This discussion has been locked.
You can no longer post new replies to this discussion. If you have a question you can start a new discussion

V18.5.1 appears to have a bug in CA generation

Hi folks,

recently my local CA expired and is now causing me grief on all my Apple devices using MAC mail.

The errors vary from not suitable for pinning to the site you are connecting to is unsafe or not recognised. The errors are affecting both SMTPS and Imaps. For the moment while I try to resolve the issue I have disabled smtps scanning.

I have tried to generate a new CA on the XG with a 12 month life similar to the one that expired except the export process does not work and the exported car is not recognised. I have tried renaming the CER, modified it settings but the same error persists. Also Iwhen exporting I see the encoded certificate displayed which all seems wrong to me.

The export message is

The exported file 

The result is I cannot generate a local CA of any use.


This thread was automatically locked due to age.
  • FormerMember
    0 FormerMember 3 months ago

    Hey Ian, 

    Did you mean you're trying to re-generate any of the in-built CA (Certificate Authorities) or did you create a Self Signed Certificate on the Firewall and trying to install it in the Mac systems along with the Built-in CA? 

    Usually if you're trying to download the self-signed certificate, it will be in .cer format 

  • Hi,

    I am trying to download a self signed CA and yes it is normally a .cer as in this case, but the format is wrong. When displayed in the XG it is correct, but the apple devices reject the format as invalid, so that means the export process is broken.


  • There is something very wrong with the xg mail security. Various mail accounts cannot connect the rsp mail server because the XG insists the password or user Id is wrong. When removed from the XG network the same mail accounts work correctly.

    I will have to disable imaps scanning to overcome this issue, not that imaps scanning is of much use considering the amount of spam that gets through.


  • Not sure, if the import process of ios changed in the last version (ios15) but as far as i know, a .cer should be perfectly fine to import into a device. So if you get the .cer it should be fine from a firewall perspective. 

    Keep in mind, literally no business customer uses imaps. This is likely only used by home users. Therefore there is not much business use cases and not much customers uses this feature. So you do not have much spotlight from the business folks on this feature.

    But you export the CA for scanning in the same manner. And this should work in the same way and is the same certificate. And as far as i know, there seems to be no issue right now. 


  • The issue being the export file name is meaningless. I think you will find a number of small businesses use IMAP?

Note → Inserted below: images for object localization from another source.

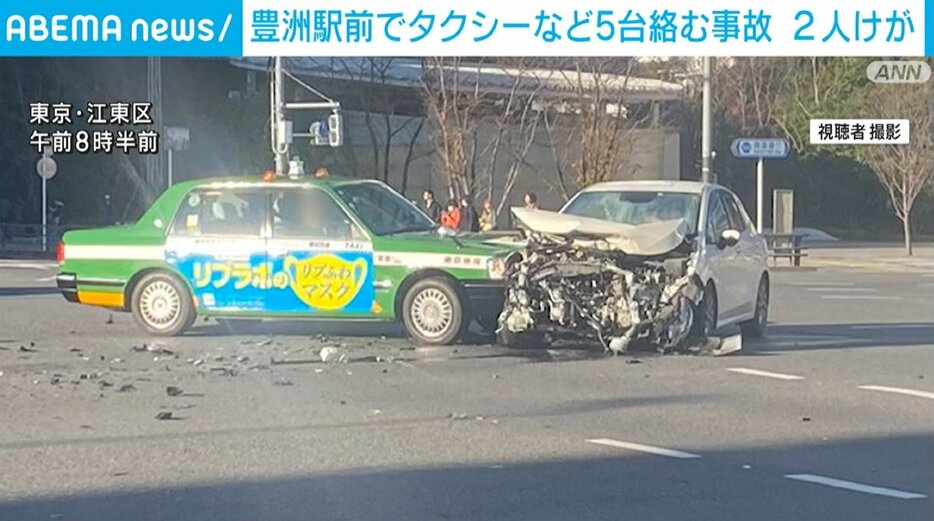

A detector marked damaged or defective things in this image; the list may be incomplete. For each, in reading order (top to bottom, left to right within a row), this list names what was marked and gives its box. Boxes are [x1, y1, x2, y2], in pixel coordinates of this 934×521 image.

crushed car front end [500, 207, 704, 354]
exposed car engine [500, 211, 704, 354]
crumpled hood [512, 207, 696, 256]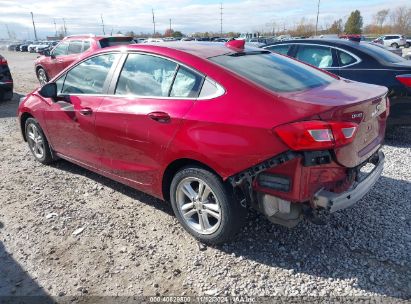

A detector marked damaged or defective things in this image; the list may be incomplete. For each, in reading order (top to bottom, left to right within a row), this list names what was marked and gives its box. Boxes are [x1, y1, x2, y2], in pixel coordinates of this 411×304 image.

damaged rear bumper [314, 151, 384, 213]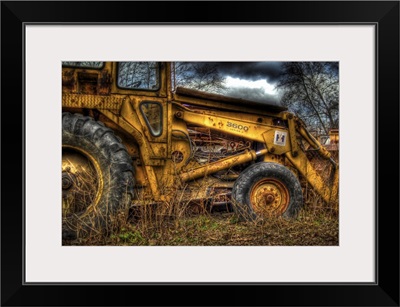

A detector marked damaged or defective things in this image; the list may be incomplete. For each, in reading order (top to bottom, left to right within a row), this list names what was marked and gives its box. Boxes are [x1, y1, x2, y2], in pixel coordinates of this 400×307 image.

rusty yellow excavator [62, 61, 338, 239]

    the issue is not only imap it also affects smtps scanning which i have disabled while waiting for a fix with the ca name.

     This issue has only arisen since the ca expired.

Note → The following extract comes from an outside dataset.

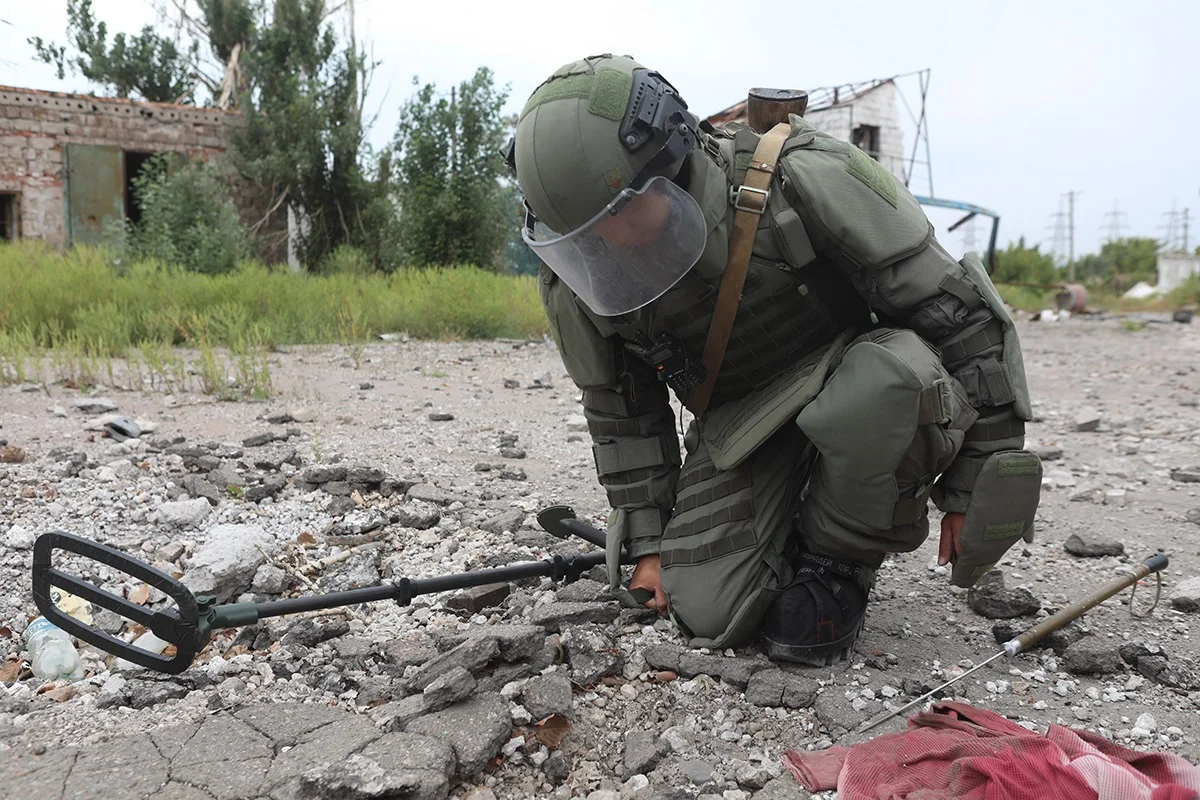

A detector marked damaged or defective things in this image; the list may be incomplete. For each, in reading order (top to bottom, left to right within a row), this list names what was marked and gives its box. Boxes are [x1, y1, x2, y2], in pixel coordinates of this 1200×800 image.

damaged structure [0, 85, 274, 250]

  • Actually no. Most small business migrated long ago to Office365 and stop using IMAP and those stuff. They migrated everything to the o365 cloud and also the cloud. Much easier to interact and maintain compared to having a free email etc. 

    About your issue. So your CA in the XG is/was expired? Because the Scanning CA is still valid until 2036, as far as i can see. Which certificate do you use? 


  • I was using one I created that met pinning requirements.

    I will have to move all to the XG ca, but experience with one the rsp mail accounts the XG does not trust the smtp servers  where I was able to get imap working.


  • Actually this should not the be case. The Firewall should offer a Cert, which meets the requirements of a Apple device. 

    The trick is:

    Additionally, all TLS server certificates issued after July 1, 2019 (as indicated in the NotBefore field of the certificate) must follow these guidelines:

    The certificate of SFOS is issued for 01.08.2015, hence not required to be only 3 years expiration.

    Try the Sophos SSL CA, you find in CAs, import it and use the same for IMAP/SMTPs.

    The firewall itself will generate a certificate for each and every connection with this CA. This certificate is used for the connection and needs to meet the standards of 3 years expiration, but we are doing this per connection as well, but the CA does not require this. 


  • Thank you for the explanation.  have reinstalled the XG CA and at this stage all appear to be working correctly which is completely different to the last time I tried using that CA.

    There is still a bug in the download process of the local generated CA if you review my original post in this thread.


    just to make life extra difficult, one rsp changed their mail server security settings.

  • One RSP does not work. Further investigation tomorrow. Something  about the certificate expiring but that certificate has been deleted.